By CAROL RYAN DUMAS
Tuesday's announcement by USDA-NASS that it will suspend its monthly milk production reports to meet its requirements under budget sequestration has many in the dairy industry concerned.
Because milk is a perishable commodity, supply data is very important in relation to price. Even small changes in supply can affect price, said Katelyn McCullock, dairy economist with the Livestock Marketing Information center.
"I think it will be difficult to forecast price. We'll be flying blind on production," she said.
Wilson Gray, University of Idaho livestock economist, said the report is used by everyone in the industry, including processors, co-ops and the Chicago Mercantile Exchange.
Loss of the reports will mean there'll be no data on milk production and supply at the state or national level. The price of milk is fairly sensitive to changes in supply, and the industry won't have a picture of that supply, Gray said.

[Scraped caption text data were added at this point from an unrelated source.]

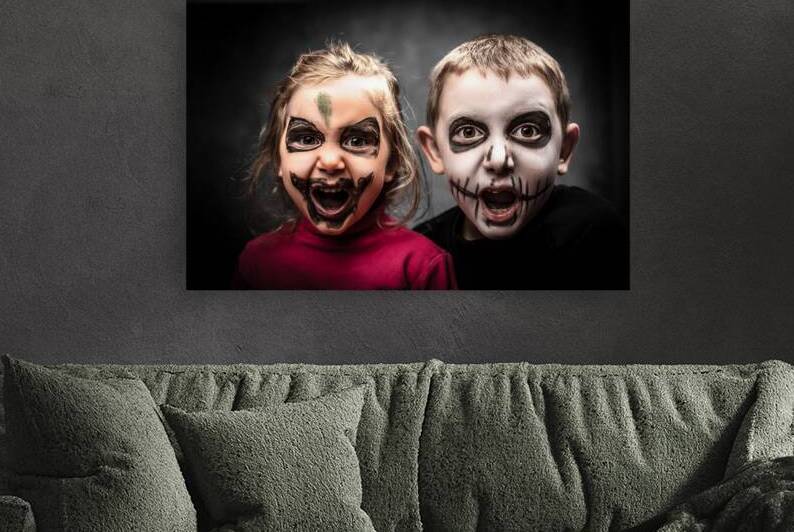 children with face made up for halloween party. by Gualtiero Boffi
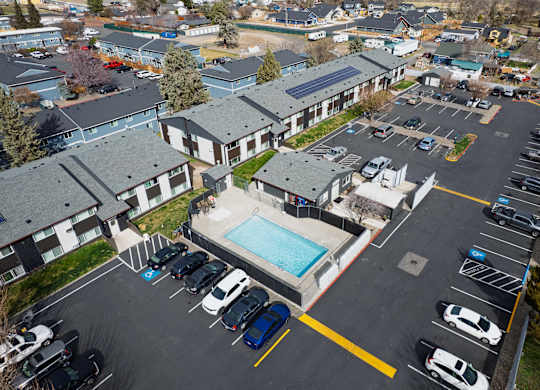 A parking lot with cars and a swimming pool in front of apartment buildings.
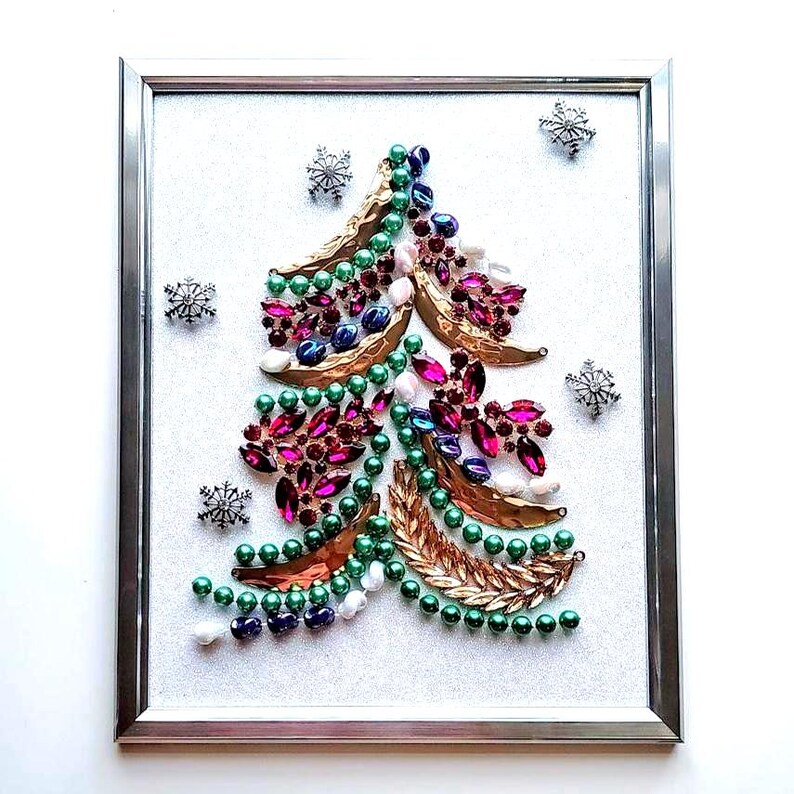 Op de afbeelding: Een ingelijst kerstboomkunstwerk. De boom is gemaakt van groene kralen, roze en blauwe juwelen en goudkleurige metalen bladeren. Zilveren sneeuwvlokversieringen omringen de boom op een witte achtergrond. Het kunstwerk is ingekaderd in een zilveren lijst.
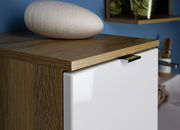 Nahaufnahme eines Schranks mit Holzoberfläche und weißer Tür, darauf liegt eine ovale, weiße Dekoration. Perspektive von schräg oben.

They say the loss will make it difficult for markets to function.
"As we go further down the road, we're going to know less and less about what's going on," Gray said.
Loss of the reports will have an effect on futures markets and where the industry is going as a whole, McCullock said.
The monthly milk production report is one of several reports, including milk disposition and income report and the July cattle inventory report, NASS is suspending for the remainder of the fiscal year.
The problem is there isn't really another objective source for this data.
Some large companies have their own data, but it's specific to their company. The only milk supply data that will be widely available is through Federal Milk Marketing Orders, but those orders don't account for all the milk in the country and don't have a state-level breakdown.
In addition, milk pooled through the orders can vary monthly, McCullock said.
And some states, such as Idaho, don't have a federal order, Gray said.
The monthly milk production report is the most reliable of all dairy production and stocks reports because historically it has been the most accurate, said Mary Ledman, dairy economist with the Daily Dairy Report.
Mary Ledman, dairy economist with the Daily Dairy Report, said it may be possible for Dairy Management Inc., the manager of the dairy checkoff program, to create a proxy milk production report as its funding is derived from every hundredweight of milk produced by dairy farmers in the United States, she said.
Eliminating the report through September will detrimentally affect how decisions are made about marketing milk, starting at but not ending at the farm level, National Milk Producers Federation President and CEO Jerry Kozak, said in a press release on Wednesday.
National Milk contends that dairy is the only major commodity that will be substantially affected by suspension of several NASS reports, and is questioning why USDA choice to suspend an extremely important information tool.
Ledman offers a possibility on that issue.
"If USDA was looking to discontinue a report that would raise the ire of data users and illicit calls and emails to Congress to resolve the budget crisis on a timely basis, the monthly milk production report was a good choice," she said.